C.T.: Let me address the first part of your question on our profile. Our real motivation is a building that will communicate to the community, to Indiana, to Carmel, to people who travel up and down the highway, our programs by making our library and our conference facility visible.
We also want it to make a statement: It’s a building being built for the long term. In-house, we call it a 50-year project plus. It’s meant to strengthen the roots we have in Indiana from our founder and from his family, that trace all the way back to 1830.
We have expanded our conferences to almost 200 a year. We do about 100 of those in a traditional format that you reference in your question, but we also do another 100 or so. We partner with 16 other institutions, domestic and international, that reach high school teachers, undergraduate students, graduate students, young professionals, businesspeople and people in the clergy.
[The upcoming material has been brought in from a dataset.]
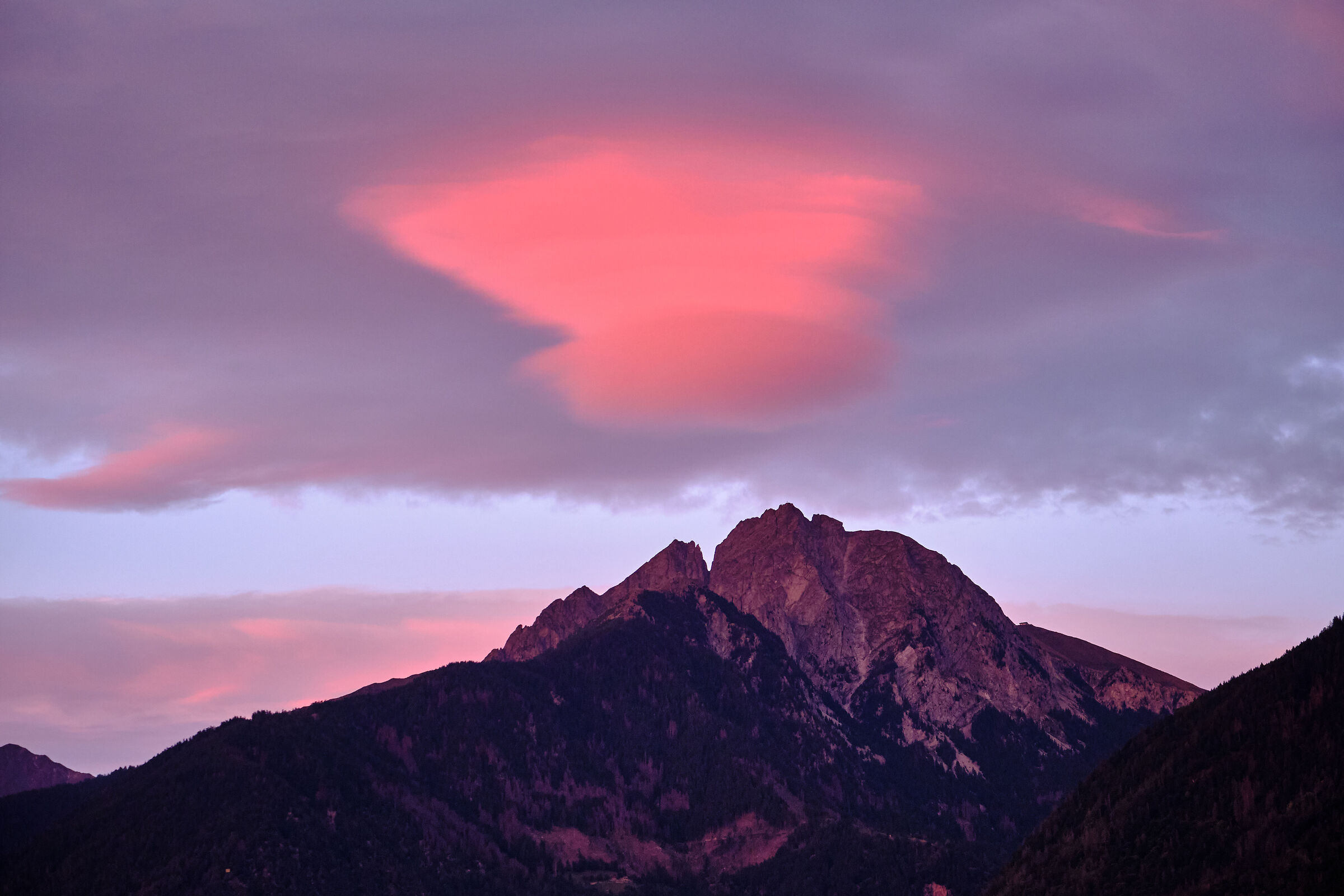 la magia del tramonto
We have also had several open-to-the-public events in the last few years: a Capitalism and the Good Society symposium at Butler, a Constitution Day panel at the Landmark Society Building in Indianapolis, and the Adam Smith panel at Ball State in Muncie. We’ll continue to do those things. The new building will facilitate those sorts of meetings much better than our current one.
Tell us some details about your new headquarters? What is its design concept?
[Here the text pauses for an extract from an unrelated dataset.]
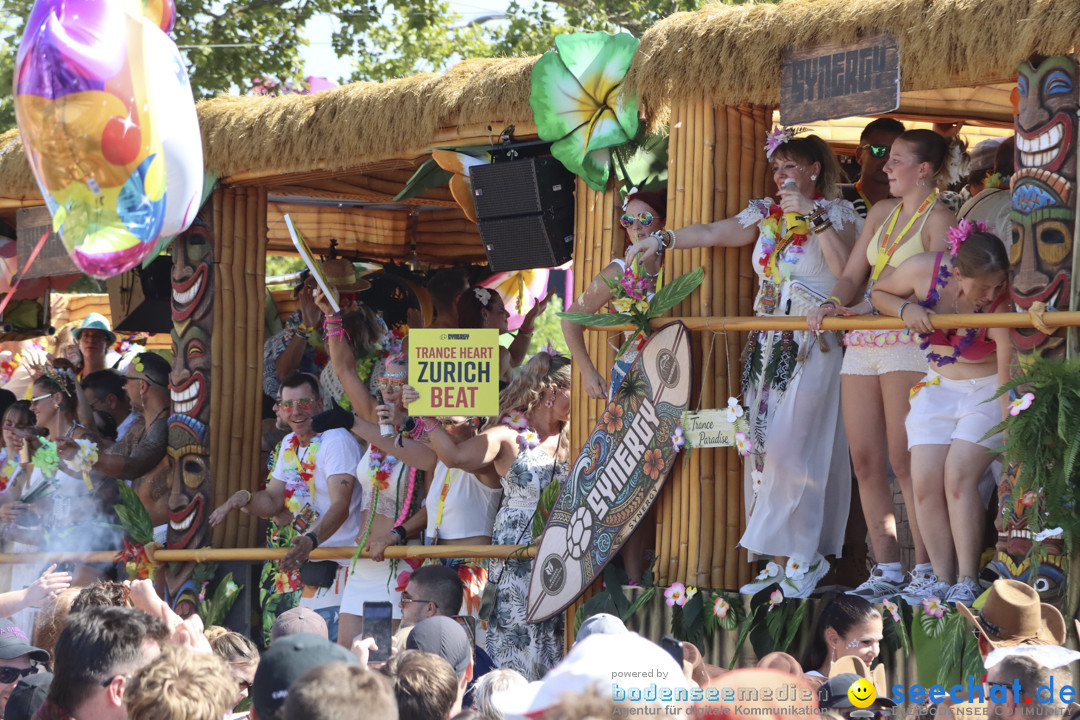 Streetparade 2026 - Together we move: Zuerich, 09.08.2026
C.T.: The design concept is that of a campus-like environment built around a chevron-shaped courtyard and that has four wings.
Obviously, the entry wing is one. We need office space, so we have an office wing with two floors to house our 50 or so people. The other part of the building is specifically designed to support educational programs. It will face Meridian Street and U.S. 31. People will see a rather nicely developed aesthetically pleasing library.
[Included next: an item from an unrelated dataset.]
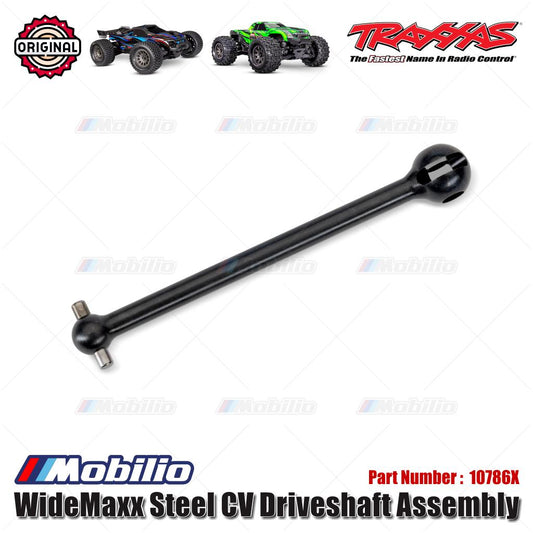 Traxxas Part #10786X WideMaxx Steel CV Driveshaft Assembly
The founder and benefactor of Liberty Fund, Mr. Pierre Goodrich, had many intellectual and civic interests. Why did he devote most of his fortune to the pursuit of understanding liberty?
C.T.: Around the time Mr. Goodrich took the helm of his operating companies in the 1940s, he also became interested in expanding his own education, his own understanding of history, religion, and political issues, things of that nature. He began to read widely in the Great Books and was responsible for growing a Great Books organization in Indiana.
He was influenced by his affiliation with the Foundation for Economic Education. He learned from that experience the importance of political freedom if there was to be economic freedom. He also served on the board of trustees at Wabash College. Those experiences, combined with his ideas about education, led him to develop a foundation that would promote the study of the ideals of a society of free and responsible individuals.
E.P.: I would like to add some things: first, his religious upbringing and theological concerns. He was not a religious man; he was a lapsed Presbyterian. His father was a very devout Presbyterian, taught Sunday school in Winchester, Indiana. We have a wonderful photograph of James Goodrich in his Sunday class.
But Pierre read very deeply in the Protestant tradition, particularly the Calvinist tradition. For him, the conception of liberty—what it is for a man to be free in his own conscience and the responsibility he has for his own actions—was very central.
He was conflicted about it because he knew that Protestant Calvinism had given way to a stern and rigid political regime in Geneva and he knew how intolerant Calvinism could be. At the same time, he knew that, at the center of Calvinist theology was the idea of man’s free will but also free will that was marred by predestination.
In Goodrich’s writings, there is a word that reoccurs again and again: That [word] is hope. He described the mission [of] this institution—that it will make a hopeful contribution.
You cannot understand Goodrich if you take him out of Indiana. It is that experience, that Midwestern experience, which is in one sense very conservative but in another sense open to industry, open to achievement, open to meritocracy.
I think this is the unique combination that makes Liberty Fund a creature of Goodrich’s own experience.